The Senator from Starbucks
Howard Schultz's mission: Get CEOs to step up on health-care reform.
By Matt Miller, Fortune columnist

(Fortune Magazine) -- On a freezing winter day in 1961, 7-year-old Howard Schultz came home from school in Brooklyn to find his parents in tears. His dad, a deliveryman, had broken his ankle and was out of a job, with no health insurance.

His family's fear scarred Schultz. Later, as he grew Starbucks, he vowed to build "the kind of company my father never got a chance to work for." Schultz was a leader in offering comprehensive benefits to part-timers - and the loyal talent Starbucks (Charts) has thus attracted, he says, has been central to its success.

Now Starbucks' benevolent coffee republic is at risk. Like every business, it has seen double-digit increases in health costs. But the trouble goes beyond spending. "We can't be the kind of society we aspire to be when we have 50 million people uninsured," Schultz says. "It's a blemish on what it means to be an American."

And so Schultz has reached out to like-minded leaders, like Jim Sinegal of Costco (Charts), who also gives benefits to part-timers. Both men asked, What if this benefit becomes unsustainable?

A contract with employees

Reneging wasn't an option; they'd do whatever it took to keep their commitment to employees. Starbucks launched a wellness program it hopes will deliver long-term savings, and raised prices partly to fund rising health costs. Yet those measures struck Schultz as Band-Aids.

Why should health coverage depend on whether your company can charge extra for a latte? Many companies can't make this math work. Meanwhile, in the 36 other countries where Starbucks operates, health care is basically funded by the government.

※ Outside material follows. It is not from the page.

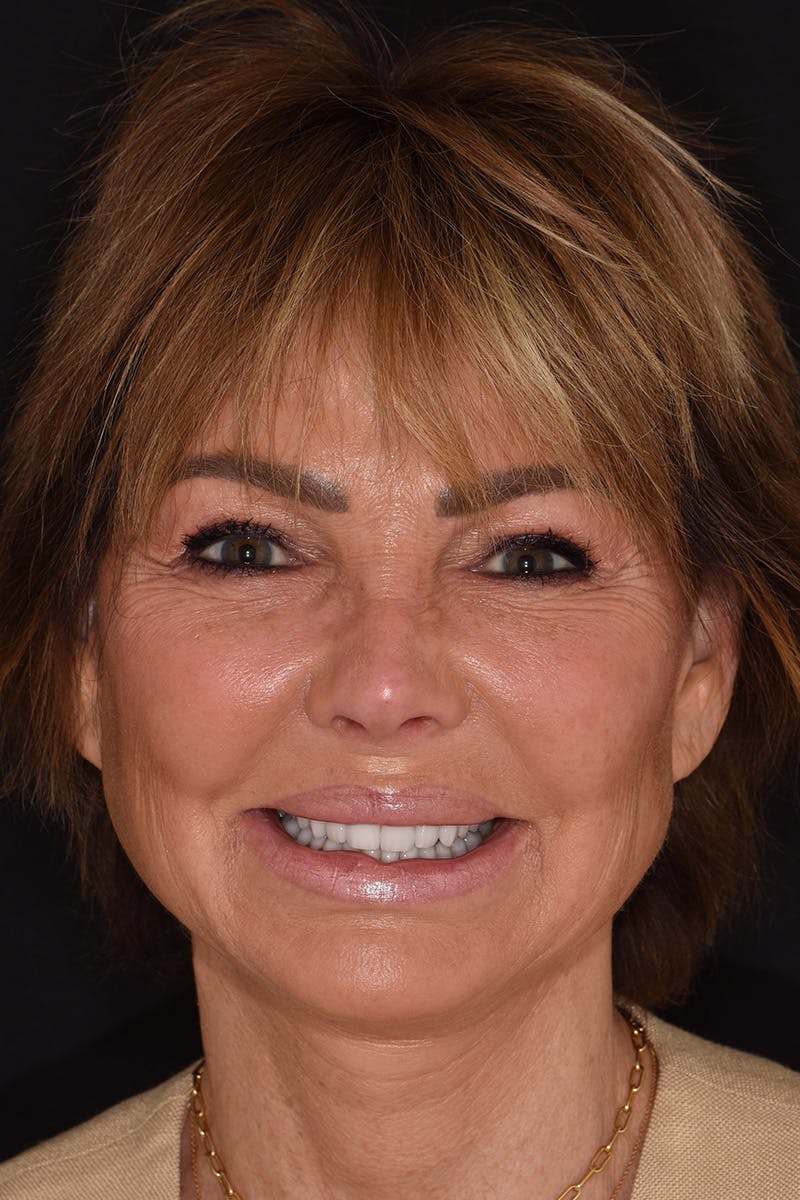 Patient Smile Before & After Gallery - Patient 871301 - Image 2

Such questions led Schultz to make the rounds in Washington, but he came away discouraged. "It's all great when you're there," he says. "Then you leave, and nothing happens." His next idea was to convene a summit on CNBC to call attention to the issue. He pulled it off late last year - barely.

"It wasn't easy to get CEOs to appear publicly on this issue," Schultz says. A few CEOs came, but one withdrew even after agreeing to join. "I just can't be out front on this," he said.

I ask Schultz why CEOs are so timid. He sips his coffee (a rare Ethiopian blend from his chairman's stash). "It's the cloud Hillary created when she tried to change the system," he says. "People burned her so badly, and everyone remembers that. It's a subject people don't want to touch."

But necessity can trump fear. And as more CEOs realize that nothing they do inside their firms can fix what ails health care, the shadow Senator from Starbucks is well positioned to catalyze the business-led conversation we need.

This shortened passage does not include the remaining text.